Die altiranischen Raumkoordinatensysteme nach den avestischen und altpersischen Zeugnissen


Respondentin: JProf. Dr. Camilla Di Biase-Dyson (Göttingen)


Zeit: 19. Juni 2014, 18h c.t.
Ort: Raum VG 1.104 (Verfügungsgebäude, Platz der Göttinger Sieben 7, 37073 Göttingen).


Abstract

In der Kantischen Philosophie, die über lange Zeit die Wissenschaftszweige Psychologie und Linguistik geprägt hat, wird die Raumkoordination mit rechts und links für naturhaft und ursprünglich gehalten und ihr universelle Geltung zugesprochen.

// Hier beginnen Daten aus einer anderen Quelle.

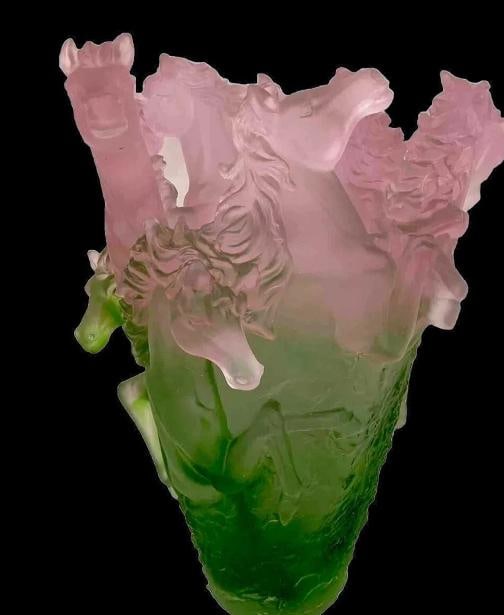Xl Nancy Daum Style Pate De Verre Crystal Horse Vase Pink Green Ombere H10Ã¢â‚& - 2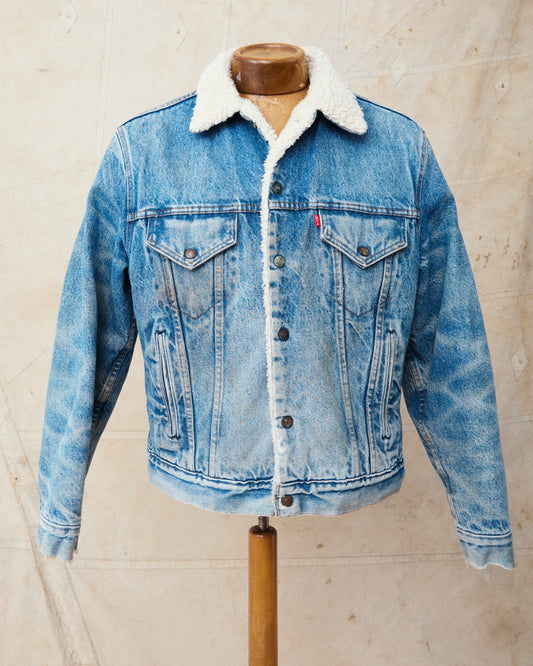 Vintage 80's Made in USA Levi's Denim Sherpa Trucker Jacket Size 42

Neuere psycholinguistische Studien widerlegen diese These. Sie zeigen, dass in verschiedenen Kulturen unterschiedliche Raumkoordinatensysteme verwendet werden, die sich in drei Gruppen einteilen lassen: absolut (z.B. Koordination nach Himmelsrichtungen), relativ (z.B. Koordination mit 'rechts' und 'links') und intrinsisch (Koordination bezogen auf ein weiteres Objekt, z.B. 'an der rechten Seite des Autos'). In diesen Untersuchungen werden zum einen die kognitive Raumkoordination der Sprecher verschiedener Sprachen erforscht, zum anderen die in ihnen repräsentierten sprachlichen Raumrelationen. Somit lässt sich belegen, dass das von den Sprechern einer Sprache verwendete Koordinatensystem für die Lösung von kognitiven Raumkoordinationsproblemen mit dem in ihrer Sprache meist verwendeten übereinstimmt.
Im Rahmen des DFG-Projekts Raumkonzeptionen im früheren Zoroastrismus. Kosmische, kultische und soziale Aspekte werden im Licht psycholinguistischer Studien die altiranischen Raumkoordinatensysteme anhand der avestischen und altpersischen Quellen sowie des archäologischen Materials erforscht. Dabei zeigt sich, dass die Altiraner neben einem relativen Koordinatensystem hauptsächlich ein absolutes System verwendeten, das sich jedoch nicht an Himmelsrichtungen orientierte.